▸ **EXERCISE**:
Among the entries below, which lines run from the line with "Little Kids' KNX Middie Vintage Indigo/Alloy" through the line with "Ferienhaus Felilotte - Glowe"? Retype those, both ends included, exactly and without pictures.

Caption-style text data
□ □ □ □ □
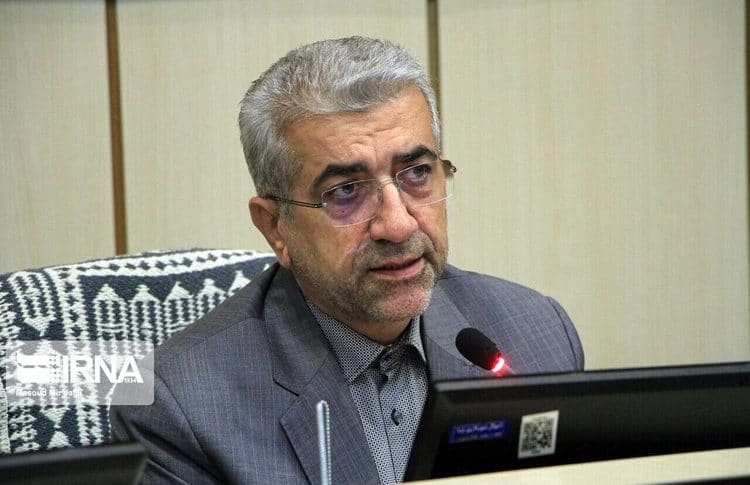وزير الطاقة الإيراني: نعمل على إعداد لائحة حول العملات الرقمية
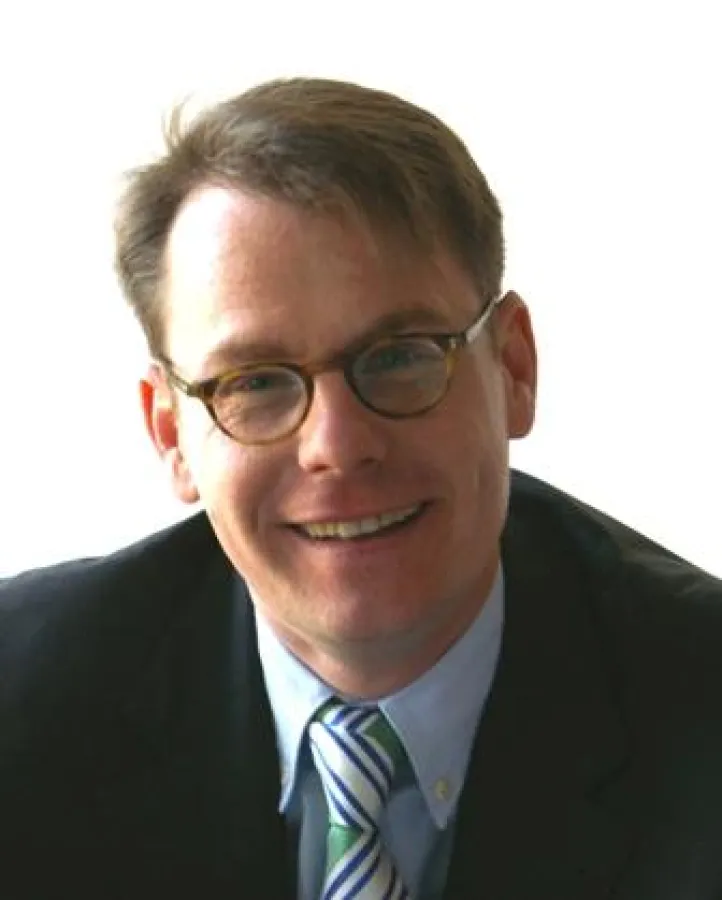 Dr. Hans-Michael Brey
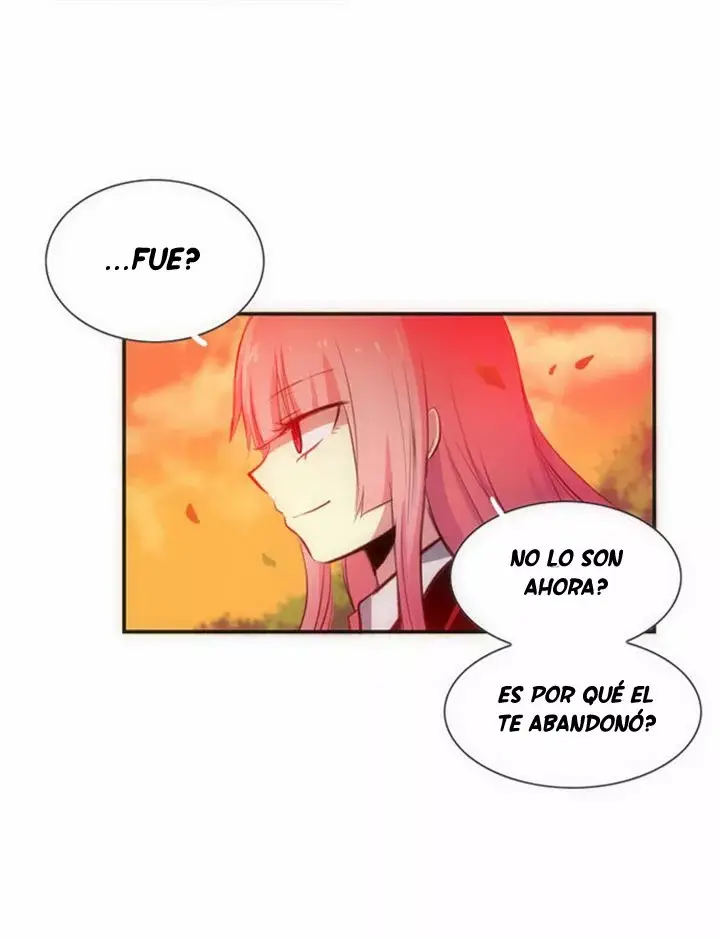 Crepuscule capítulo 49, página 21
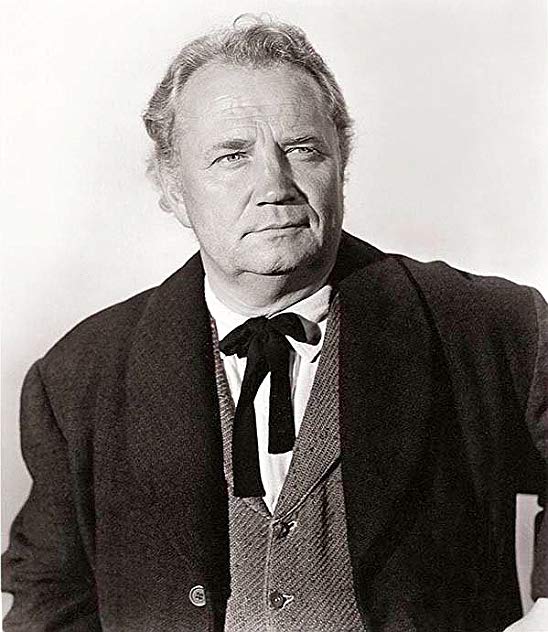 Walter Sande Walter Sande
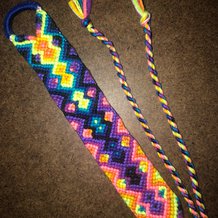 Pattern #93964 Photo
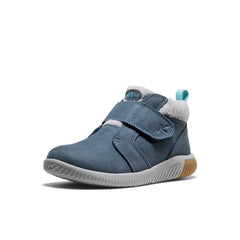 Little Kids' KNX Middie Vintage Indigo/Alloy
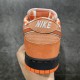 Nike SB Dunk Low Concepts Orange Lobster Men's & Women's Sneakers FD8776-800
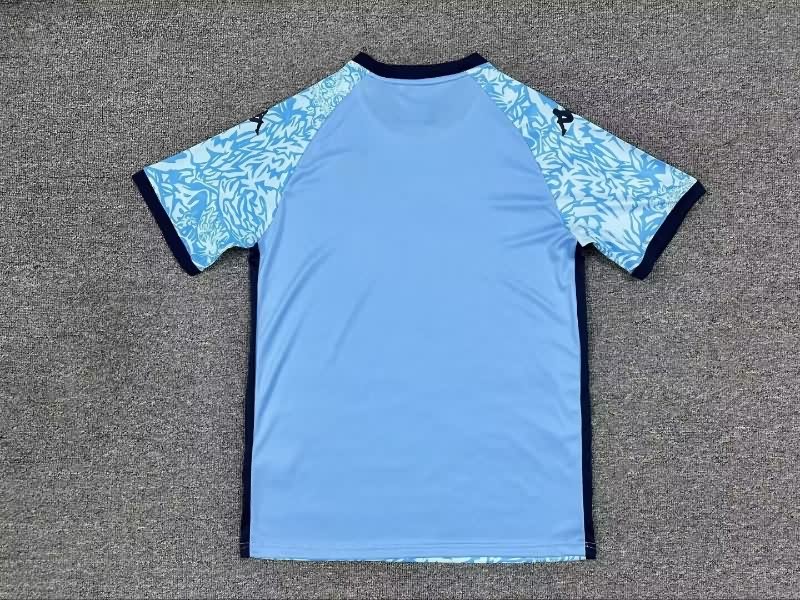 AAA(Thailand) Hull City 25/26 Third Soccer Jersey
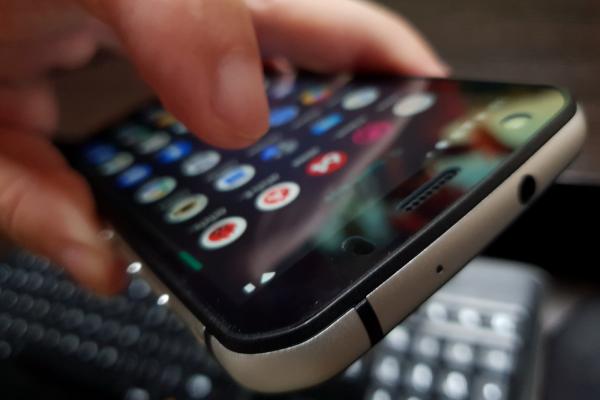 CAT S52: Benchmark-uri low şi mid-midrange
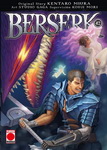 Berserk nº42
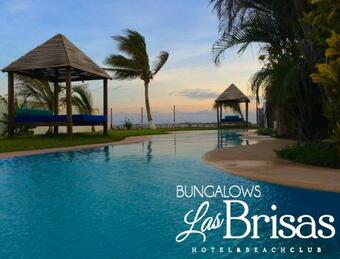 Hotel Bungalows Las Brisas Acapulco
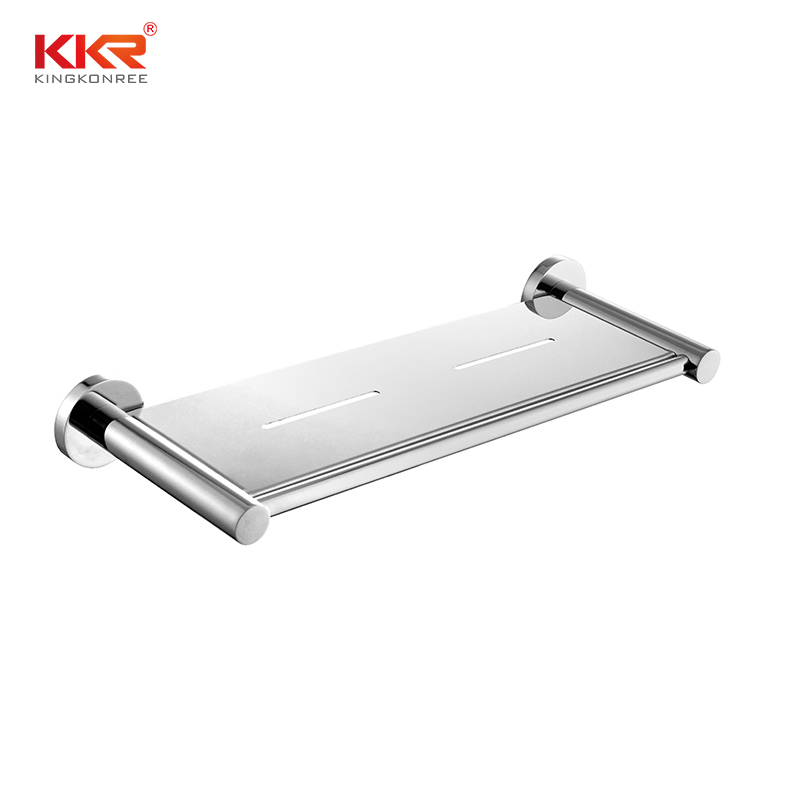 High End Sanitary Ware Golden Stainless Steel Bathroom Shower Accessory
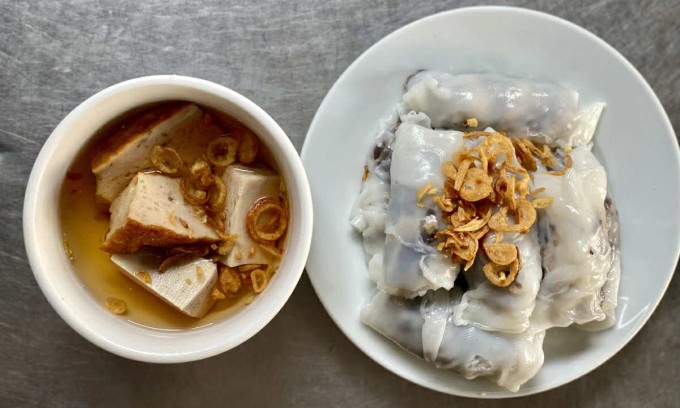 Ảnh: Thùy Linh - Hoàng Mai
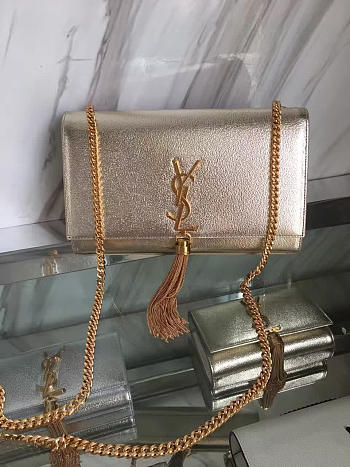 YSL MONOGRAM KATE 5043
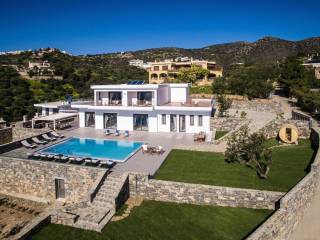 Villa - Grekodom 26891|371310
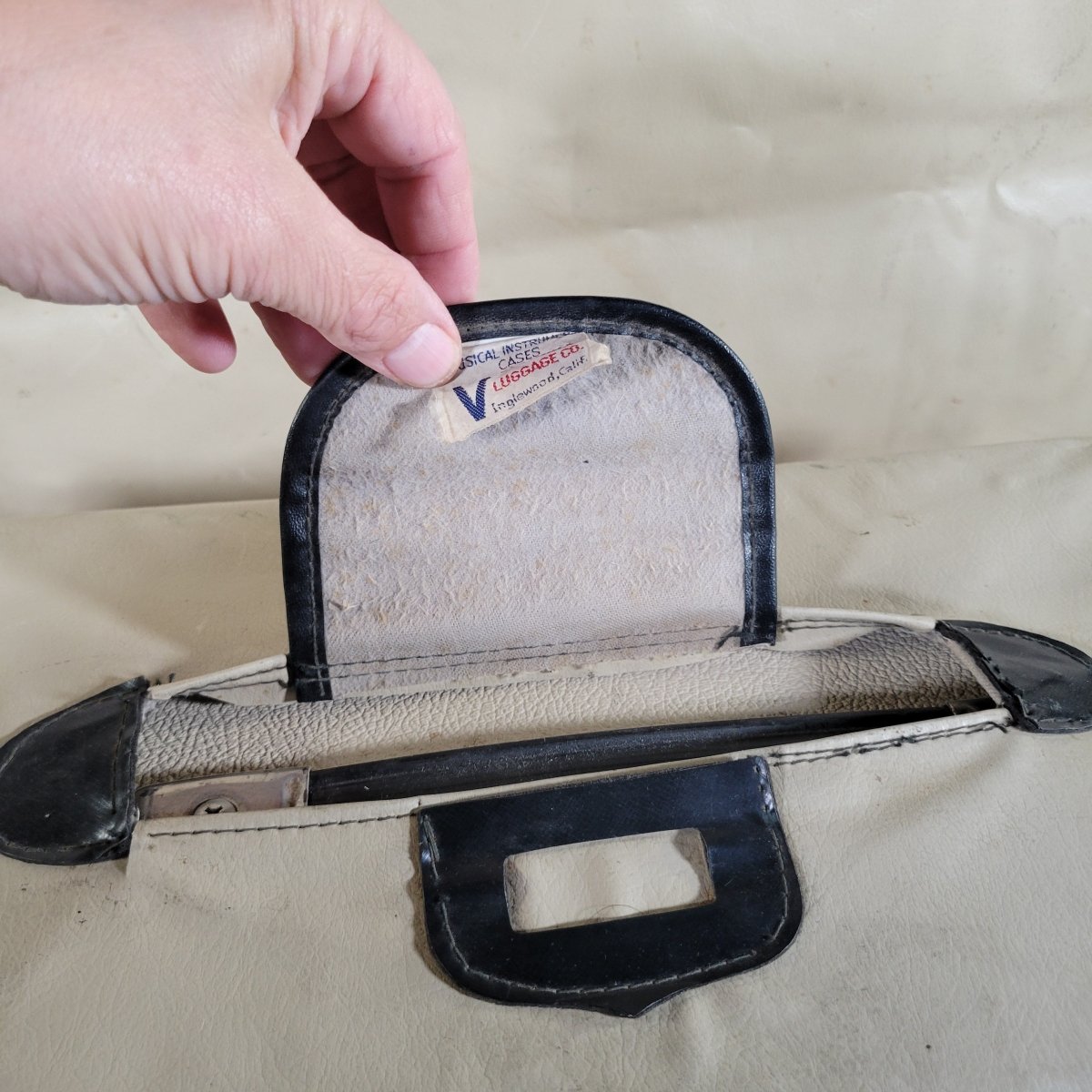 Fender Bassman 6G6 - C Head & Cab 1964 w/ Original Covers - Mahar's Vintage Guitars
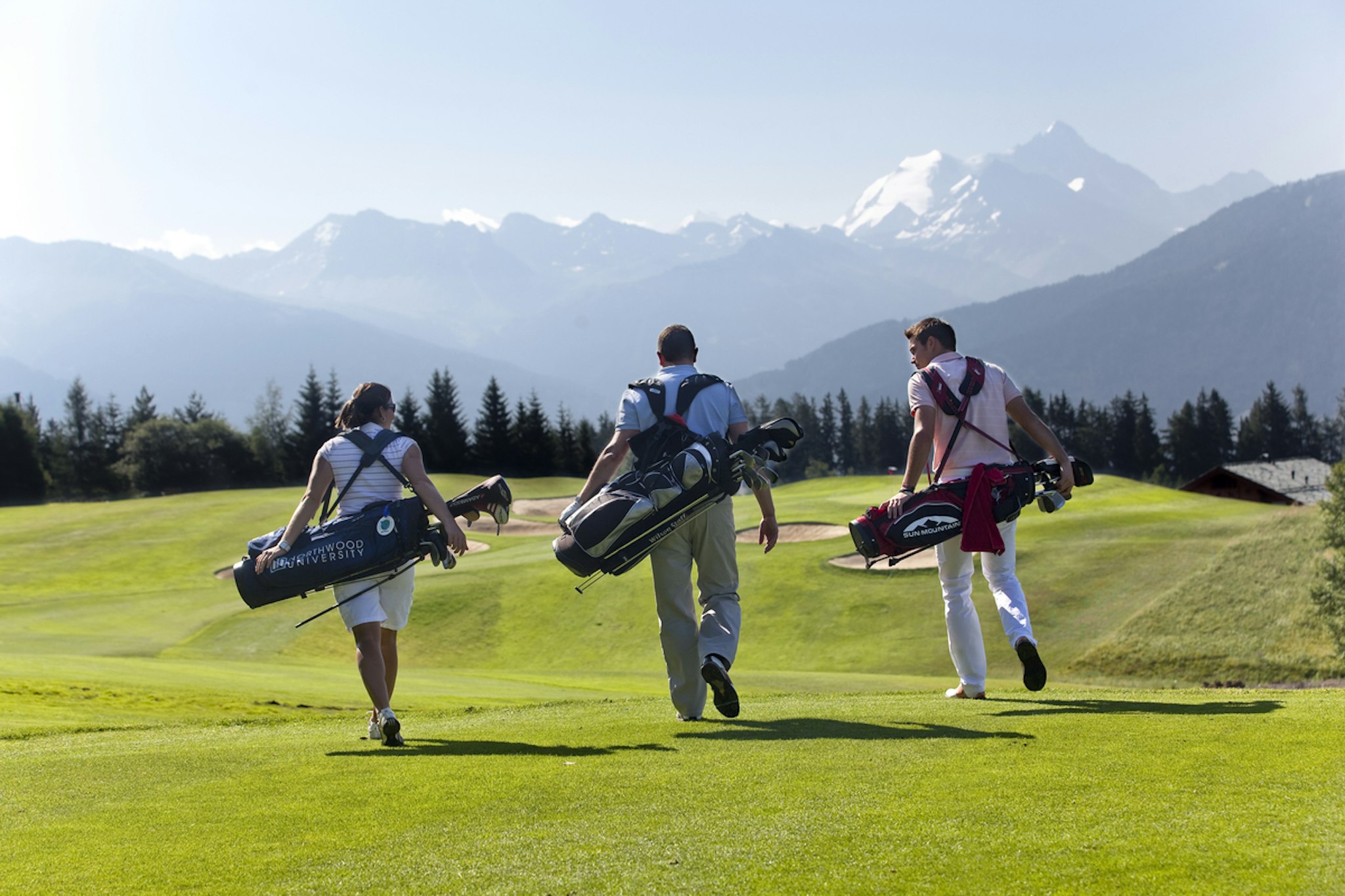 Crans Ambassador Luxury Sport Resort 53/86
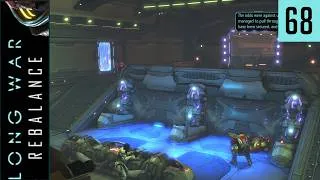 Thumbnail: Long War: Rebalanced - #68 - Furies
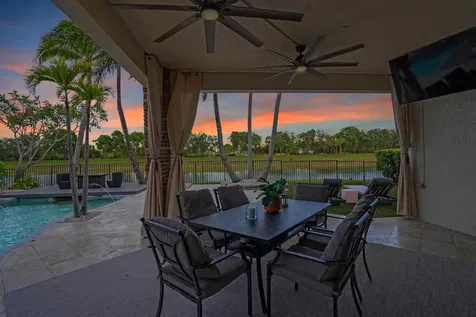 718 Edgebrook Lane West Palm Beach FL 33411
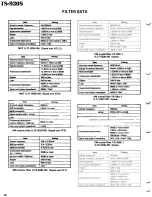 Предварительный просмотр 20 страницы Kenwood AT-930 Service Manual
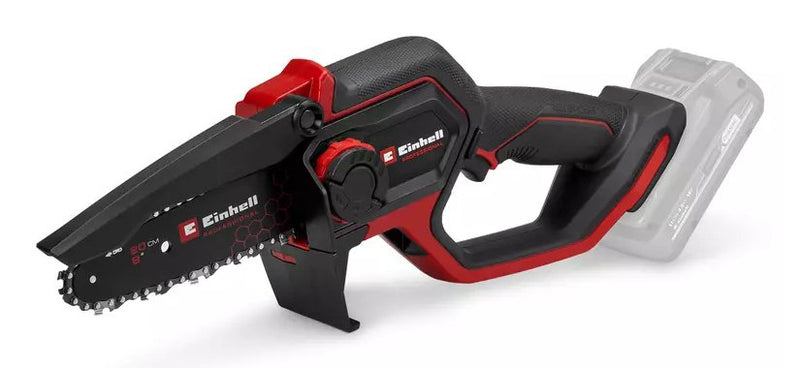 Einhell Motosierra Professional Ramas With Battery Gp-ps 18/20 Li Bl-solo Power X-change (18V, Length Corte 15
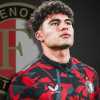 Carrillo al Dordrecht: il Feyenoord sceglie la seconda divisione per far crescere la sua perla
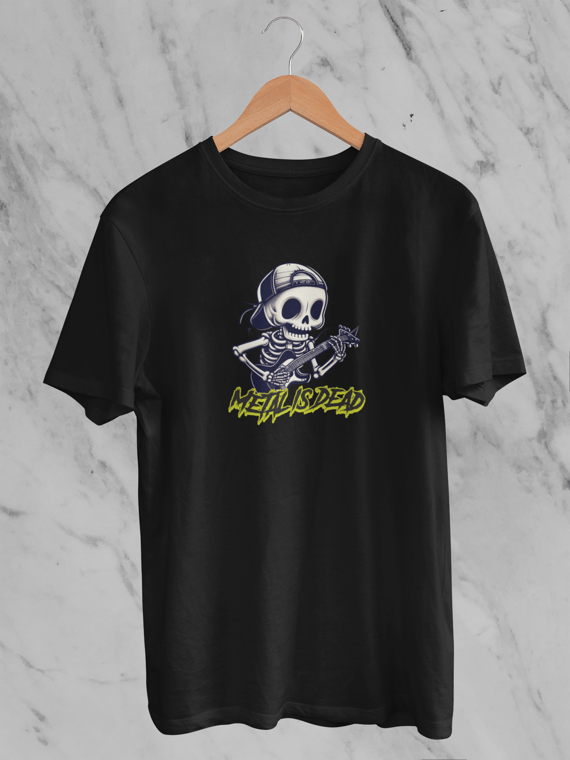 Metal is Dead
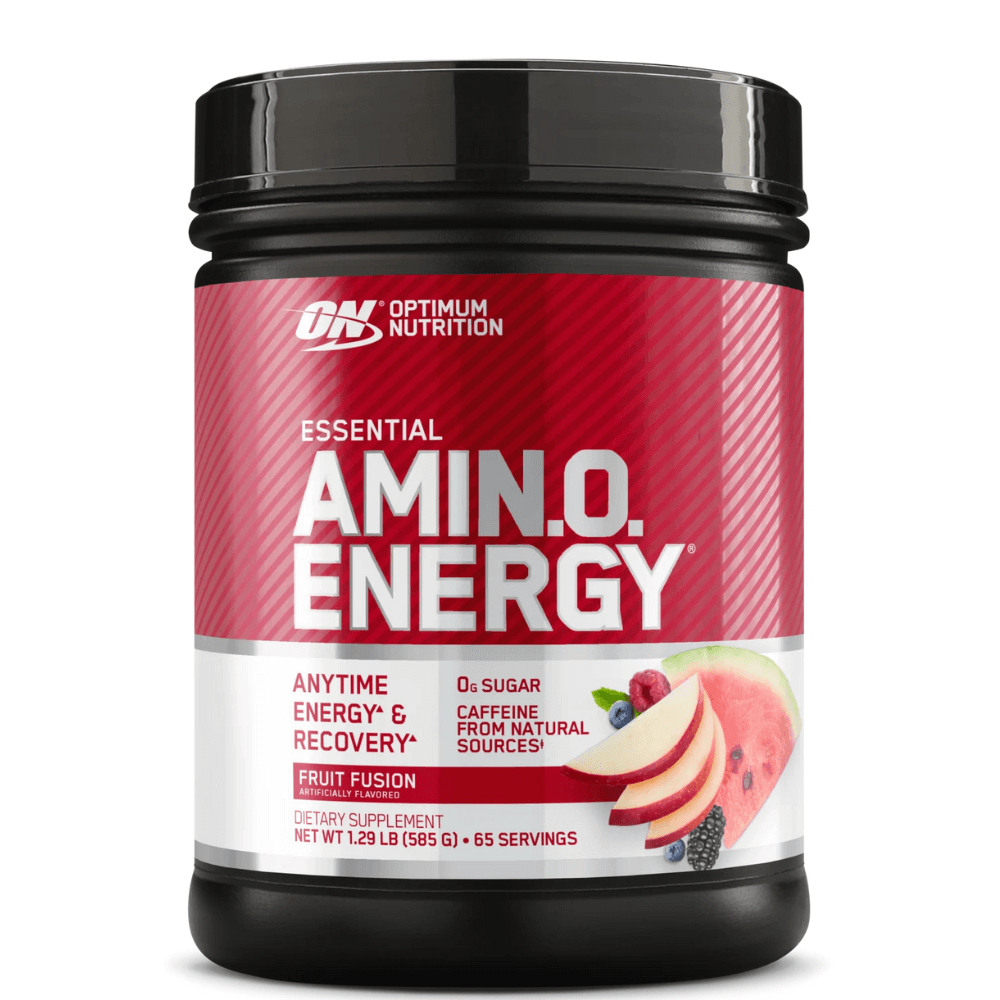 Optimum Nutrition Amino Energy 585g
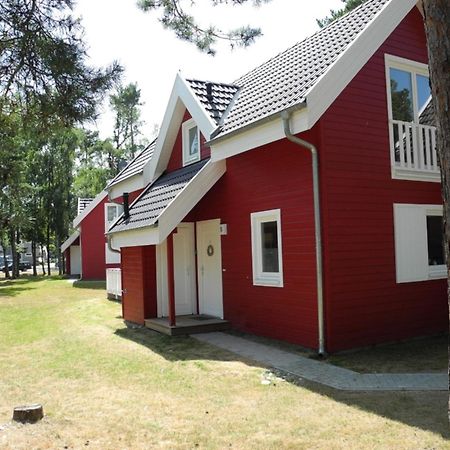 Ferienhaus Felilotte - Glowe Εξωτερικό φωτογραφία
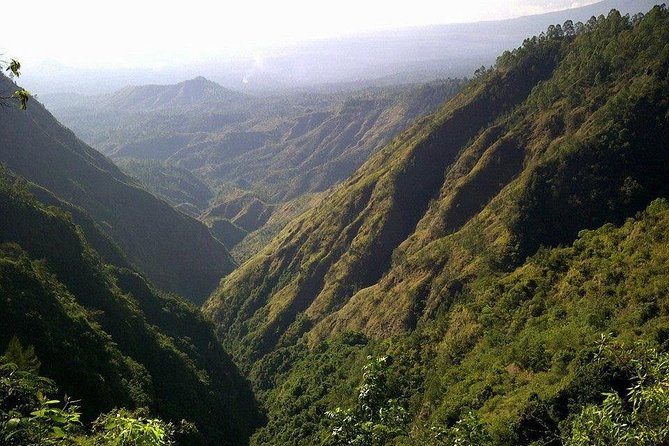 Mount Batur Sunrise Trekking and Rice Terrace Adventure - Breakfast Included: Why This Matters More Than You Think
□ □ □ □ □
▸ **RESULT FOR THIS EXERCISE**:
 Little Kids' KNX Middie Vintage Indigo/Alloy
 Nike SB Dunk Low Concepts Orange Lobster Men's & Women's Sneakers FD8776-800
 AAA(Thailand) Hull City 25/26 Third Soccer Jersey
 CAT S52: Benchmark-uri low şi mid-midrange
 Berserk nº42
 Hotel Bungalows Las Brisas Acapulco
 High End Sanitary Ware Golden Stainless Steel Bathroom Shower Accessory
 Ảnh: Thùy Linh - Hoàng Mai
 YSL MONOGRAM KATE 5043
 Villa - Grekodom 26891|371310
 Fender Bassman 6G6 - C Head & Cab 1964 w/ Original Covers - Mahar's Vintage Guitars
 Crans Ambassador Luxury Sport Resort 53/86
 Thumbnail: Long War: Rebalanced - #68 - Furies
 718 Edgebrook Lane West Palm Beach FL 33411
 Предварительный просмотр 20 страницы Kenwood AT-930 Service Manual
 Einhell Motosierra Professional Ramas With Battery Gp-ps 18/20 Li Bl-solo Power X-change (18V, Length Corte 15
 Carrillo al Dordrecht: il Feyenoord sceglie la seconda divisione per far crescere la sua perla
 Metal is Dead
 Optimum Nutrition Amino Energy 585g
 Ferienhaus Felilotte - Glowe Εξωτερικό φωτογραφία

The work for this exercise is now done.